Osborn praised Parker’s compassion.
“Look, a single mom raising a child,” he said. “She understands the whole concept of community, and I think that’s a blessing.”
Harrity, the Kensington councilmember, says multiple factors drove the decline in violence.
“The last administration tried to go another way. It did not work. We are moving forward in a new direction,” he said, echoing Parker. “The criminals out there know that this free-reign thing is over. The city’s a different place. Council people are different, the police commissioner is different, the mayor is definitely different. We’ve learned from a few mistakes that we’ve made in the past, and we’re about it now.”

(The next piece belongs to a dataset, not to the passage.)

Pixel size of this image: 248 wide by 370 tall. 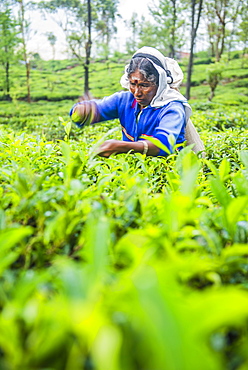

In addition, Harrity said, the increase in city and privately owned cameras is helping law enforcement track down more shooters to take off the streets. The shooting in front of his house is a textbook example. Police used surveillance video to track the two suspects to an abandoned house a block away, where they had broken a window and attempted to hide. The suspects were apprehended after trying to flee through the back door.
City Councilmember Mark Squilla’s First District stretches from South Philly, through Center City, up into Kensington. He, too, says his 160,000 constituents felt the effect of Philadelphia’s crime-fighting in 2024.
“We’re hearing that they’re starting to feel like it’s getting safer,” Squilla said. “I see that the feeling’s there, but it's going to take time to change the perception part. But that will come through consistency, through years of decline.”
“Not only declines in homicides and violent crime, but decline in retail theft, and breaking into cars, and stealing tires,” he said. “Once you start seeing more and more of those declines, you’re going to have that feeling of safety throughout the city of Philadelphia.”